#### Problem to solve
The pictures stay out; everything else in the entries below must be returned exactly.

#### Entries shown
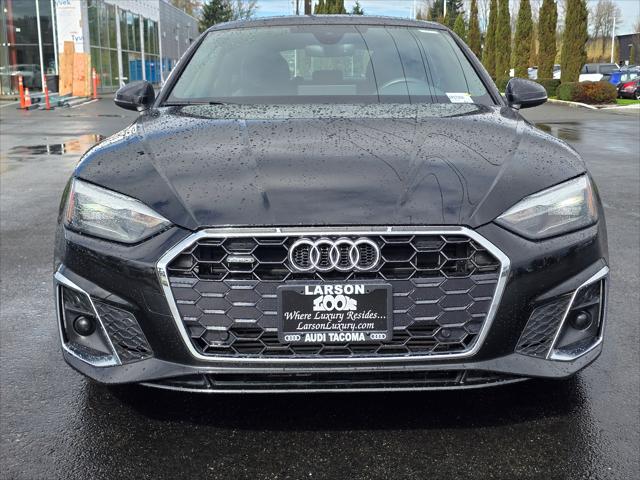 2021 Audi A5 Sportback Premium 45 TFSI quattro S tronic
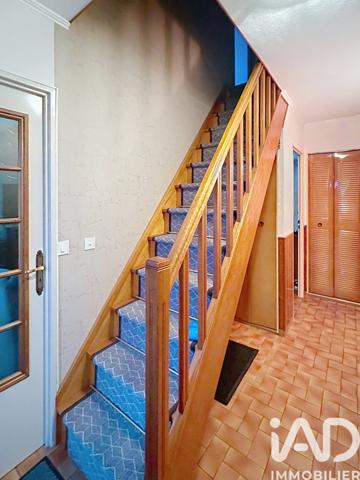 Maison à vendre 7 pièces 125 m² Villeneuve-la-Guyard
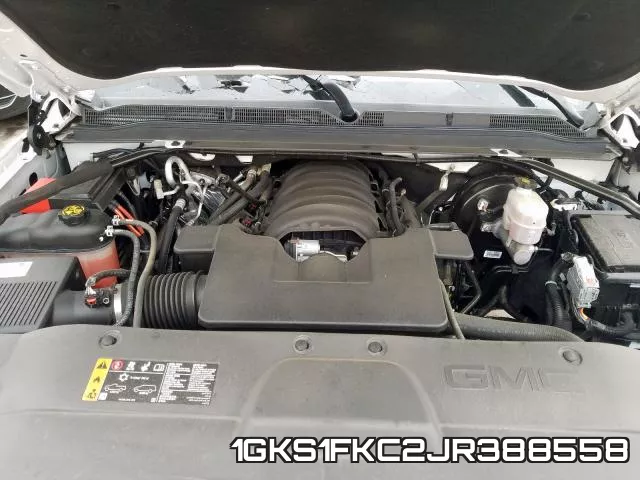 1GKS1FKC2JR388558 фото 8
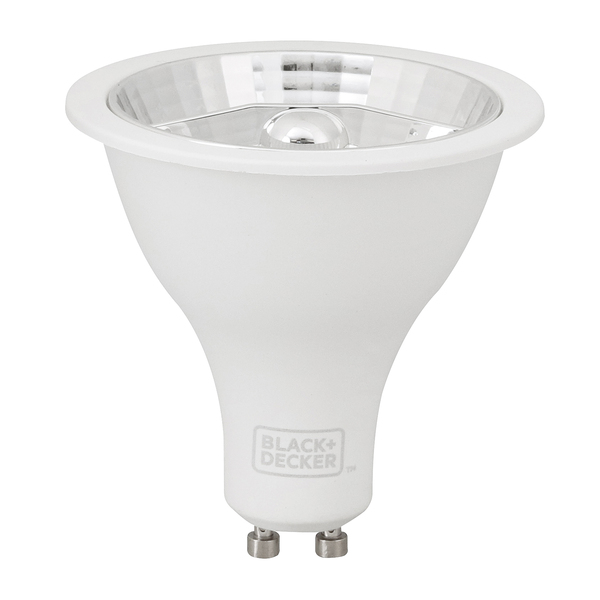 Lâmpada LED AR70 Luz Amarela 4,8W Black Decker Bivolt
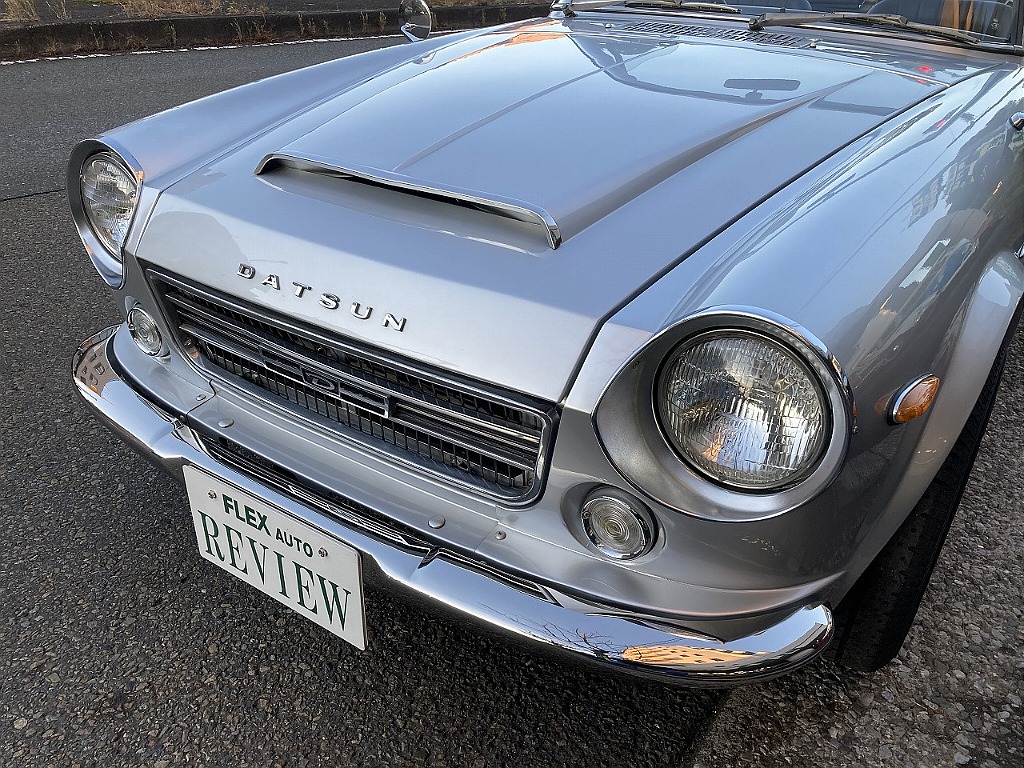 日産 フェアレディ(11枚目)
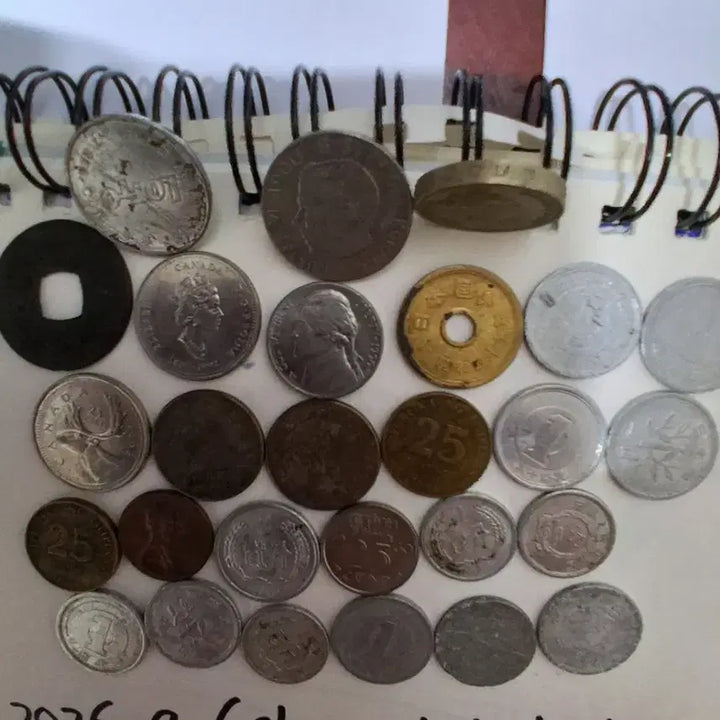 [BUNJANG] Rare Coin Collection / 희귀동전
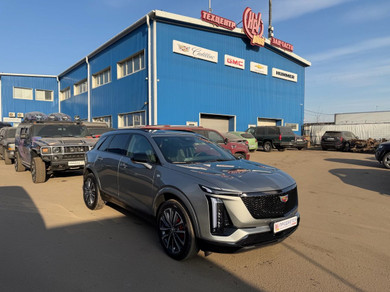Автомобиль с пробегом Cadillac XT5 в городе Москва ДЦ - Шеви-Плюс Полбина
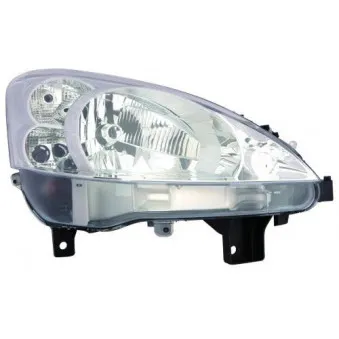 Projecteur principal ABAKUS 550-1149RMLD-EM
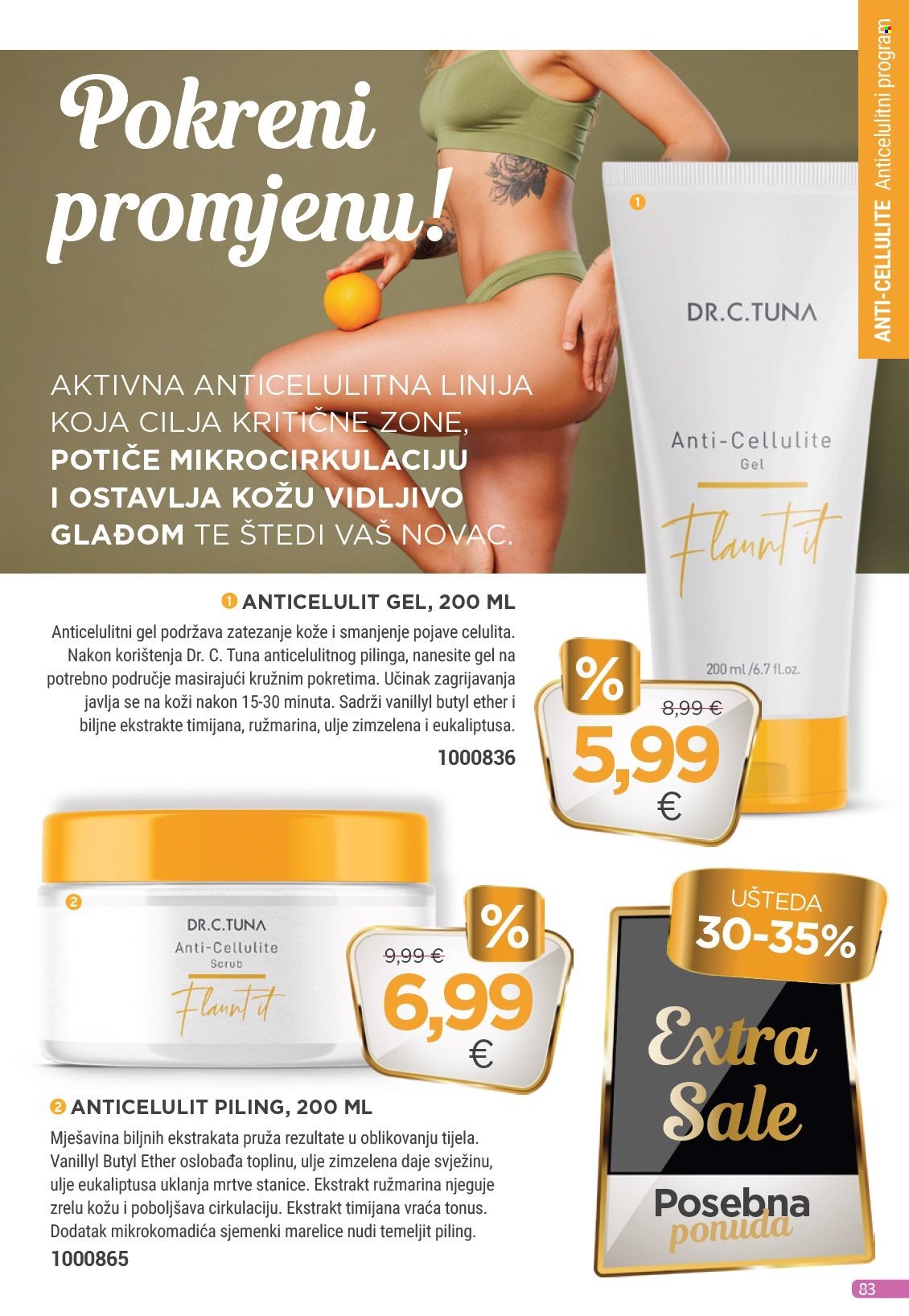 Farmasi katalog - 01.09.2025. - 30.09.2025. Stranica 83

#### Answer for the task
 2021 Audi A5 Sportback Premium 45 TFSI quattro S tronic
 Maison à vendre 7 pièces 125 m² Villeneuve-la-Guyard
 1GKS1FKC2JR388558 фото 8
 Lâmpada LED AR70 Luz Amarela 4,8W Black Decker Bivolt
 日産 フェアレディ(11枚目)
 [BUNJANG] Rare Coin Collection / 희귀동전
Автомобиль с пробегом Cadillac XT5 в городе Москва ДЦ - Шеви-Плюс Полбина
 Projecteur principal ABAKUS 550-1149RMLD-EM
 Farmasi katalog - 01.09.2025. - 30.09.2025. Stranica 83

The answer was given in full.